Problem to work on — Return an exact copy of the lines from the one holding "Urban vector city" to the end of the data, including both the starting and final lines. Leave the pictures out.

Short descriptive text snippets —
◆ ◆ ◆ ◆ ◆

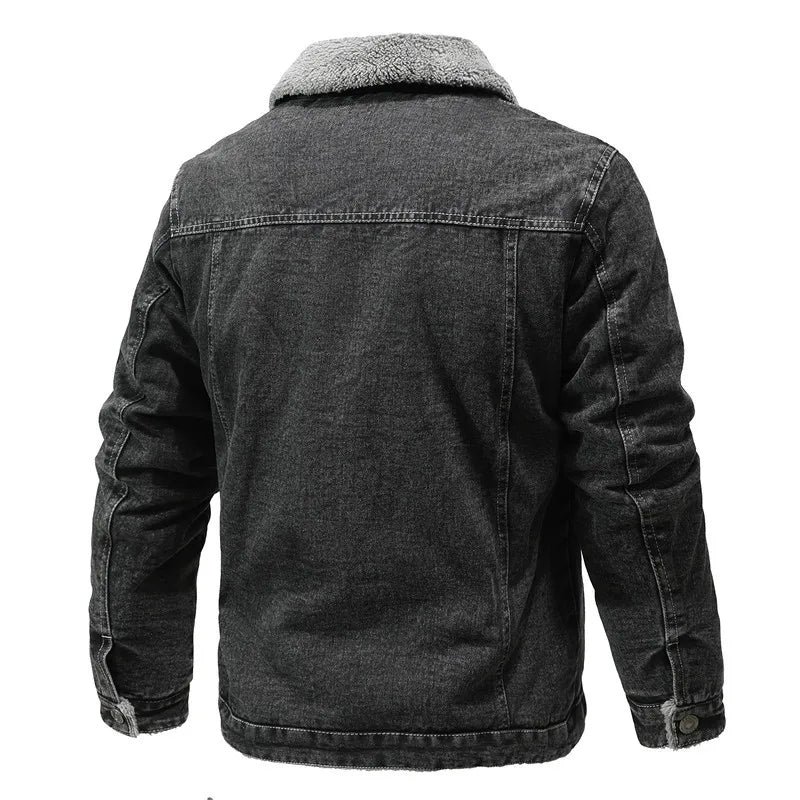 Men's Sherpa Lined Denim Jacket – Long Sleeve Button Front Trucker Coat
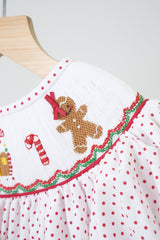 Red christmas gingerbread hand smocked dot dress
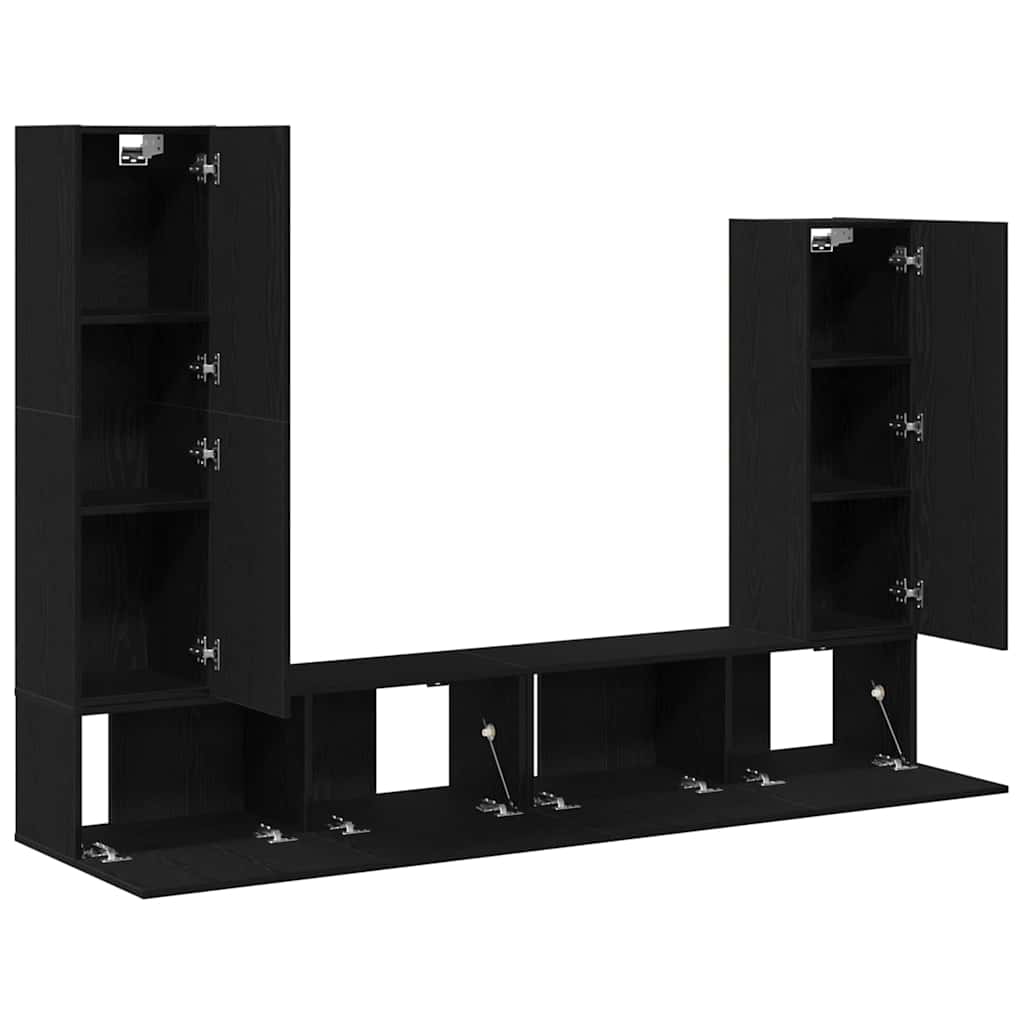 TV spintelių komplektas 6 pcs juoda ąžuolo 30.5 x 30 x 110 cm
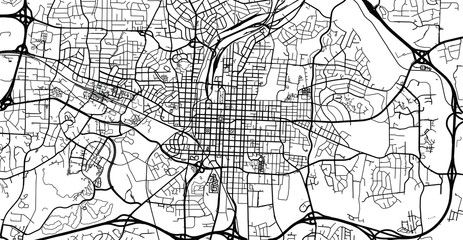 Urban vector city map of Raleigh, USA. North Carolina state capital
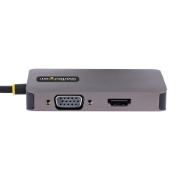 Picture of StarTech.com USB C Video Adapter, USB C to HDMI DVI VGA Adapter, Up to 4K 60Hz, Aluminum, Multiport Video Display Adapter, Thunderbolt 3 / 4 Compatible, USB Type C Travel Adapter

◆ ◆ ◆ ◆ ◆

Written answer —
 Urban vector city map of Raleigh, USA. North Carolina state capital
 Picture of StarTech.com USB C Video Adapter, USB C to HDMI DVI VGA Adapter, Up to 4K 60Hz, Aluminum, Multiport Video Display Adapter, Thunderbolt 3 / 4 Compatible, USB Type C Travel Adapter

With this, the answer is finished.